TASK STATEMENT — All of the data below should be printed again word for word, pictures excluded.

COLLECTED MATERIAL —
# # # #

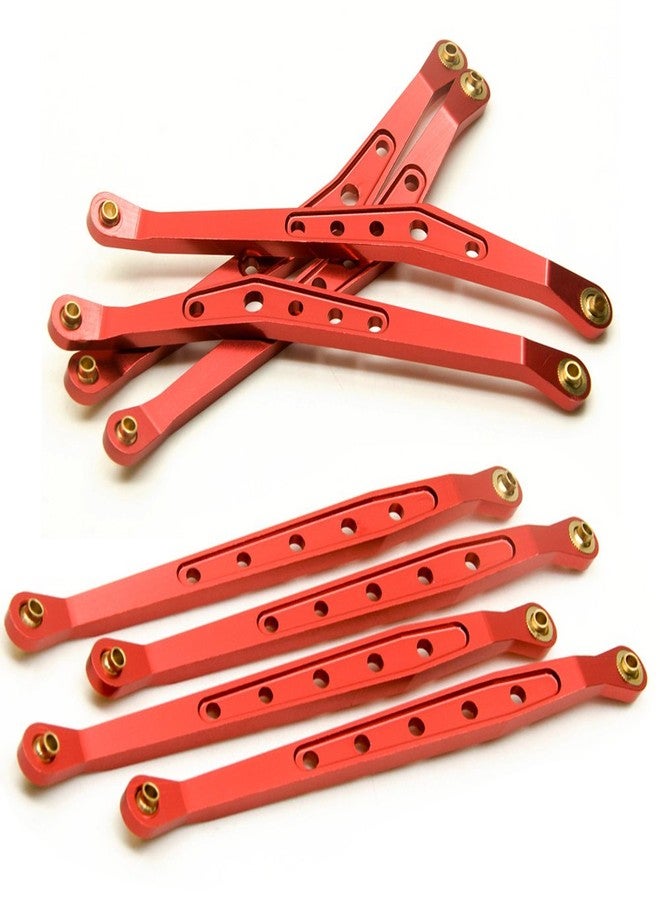 Que-T 8 Pcs Aluminum Linkage Rod Arm Set/Upper and Lower Suspension Links Set of 8 for 1/10 Axial Wraith 90018 RC Truck (Red, Type A) - Image 2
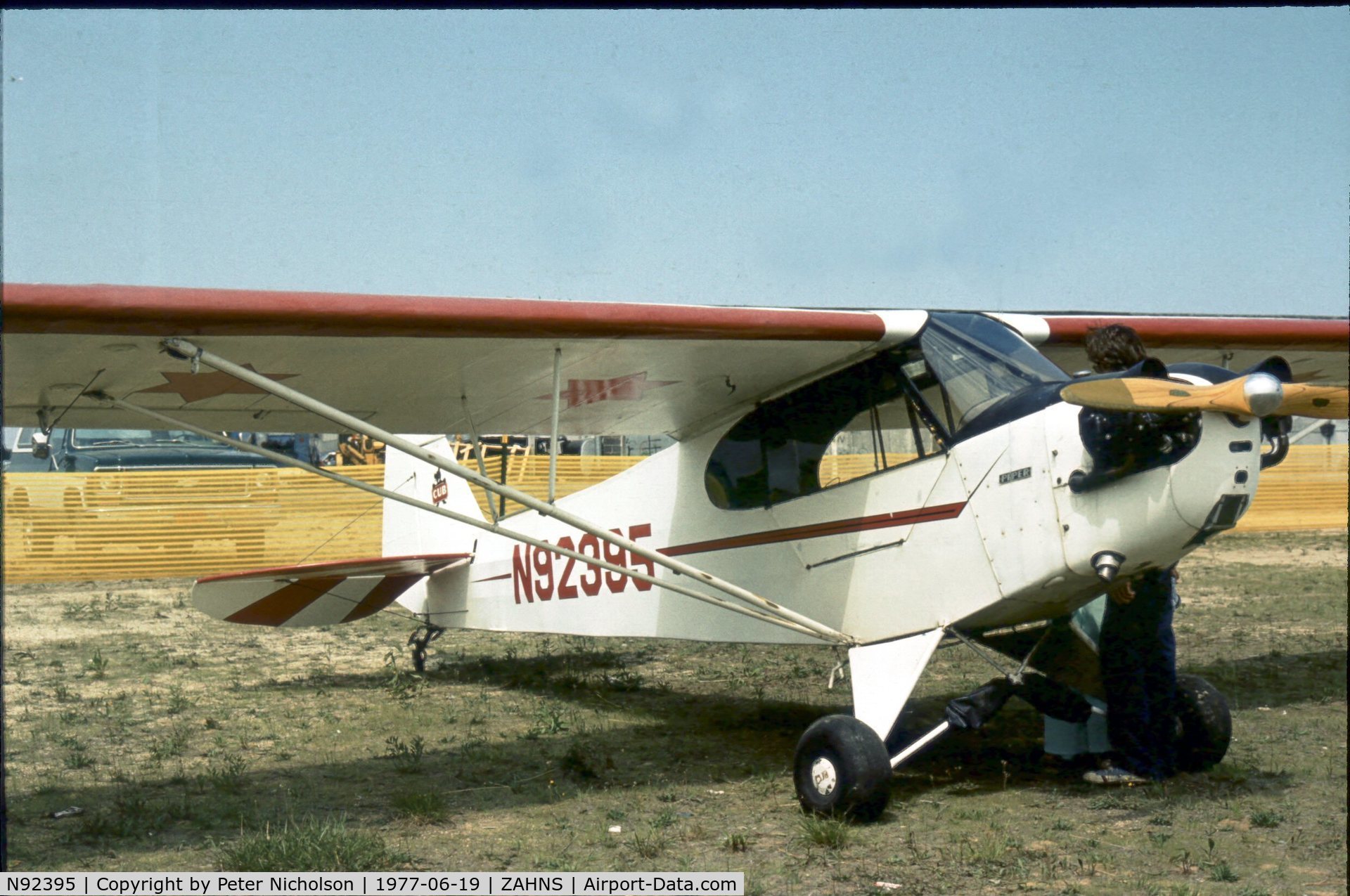 N92395, 1946 Piper J3C-65 Cub C/N 16857, Seen at Zahns Airport, Amityville NY in 1977 - airfield itself closed in 1980.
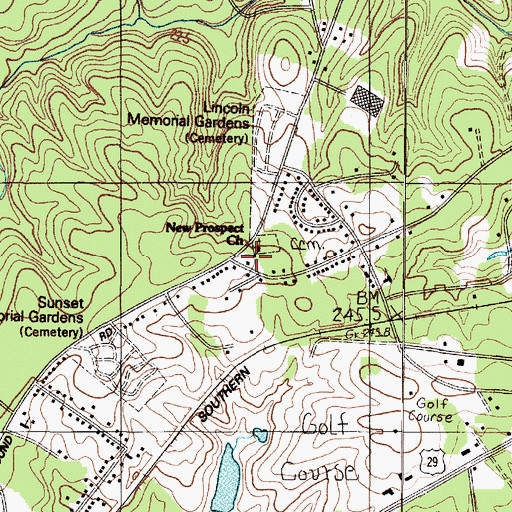 Topographic Map of McWhitner School (historical), SC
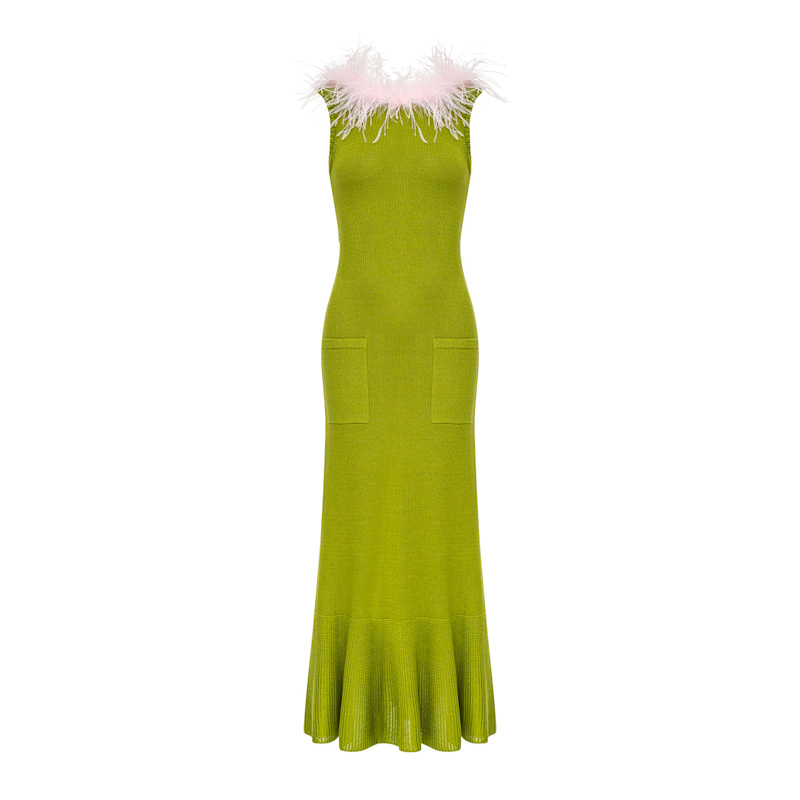 carolina herrera green lace dress maxi pleated knit dress english green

# # # #

OUTPUT FOR THIS TASK —
 Que-T 8 Pcs Aluminum Linkage Rod Arm Set/Upper and Lower Suspension Links Set of 8 for 1/10 Axial Wraith 90018 RC Truck (Red, Type A) - Image 2
 N92395, 1946 Piper J3C-65 Cub C/N 16857, Seen at Zahns Airport, Amityville NY in 1977 - airfield itself closed in 1980.
 Topographic Map of McWhitner School (historical), SC
 carolina herrera green lace dress maxi pleated knit dress english green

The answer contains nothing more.